In a March 27 address to the Navy League, Secretary of Defense William Cohen argued that the ABM agreement "does not impinge on the development, testing or deployment of any of our planned TMD systems" and "places no limitation on the speed of the TMD interceptors." Rejecting the notion that there is a distinction between space based interceptors deployed on TMD or ABM systems, Cohen argued—as had Bell—that the agreement's prohibition on the former is not a new restriction on U.S. missile defense capabilities because the ABM Treaty already explicitly bans space based ABM interceptors.
Other critics in the missile defense debate, however, argue that the administration's position on high velocity TMD systems will almost certainly have a deleterious impact on the ABM Treaty in the long term.
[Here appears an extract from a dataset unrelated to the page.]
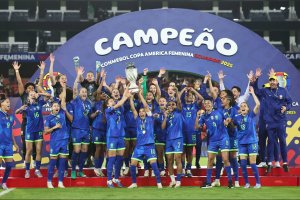 Com dois gols de Marta, Brasil conquista a Copa América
Although the Helsinki agreement places limitations on the parameters of ballistic missile targets and prohibits space based TMD interceptors, these critics argue that it would allow the United States and Russia to deploy highly capable TMD systems, in the Russian case with nuclear warheads, that could have inherent capabilities against strategic ballistic missiles, become the base for a nationwide defense, undercut the ABM Treaty, and complicate efforts to achieve further nuclear force reductions.
The SCC is likely to reconvene in early May, when it will begin the process of transforming the Helsinki joint statement into a formal phase two agreement on high velocity TMD. During his press briefing, Bell indicated that the agreement would contain only the four elements specified in the joint statement and would require approval by Congress—National Security Advisor Samuel Berger subsequently indicated that the administration would request Senate advice and consent—and the Duma. Based on the initial negative congressional and uncertain Duma reaction to the agreement, however, the Clinton and Yeltsin administrations may both face—for different reasons—an uphill battle in winning such approval.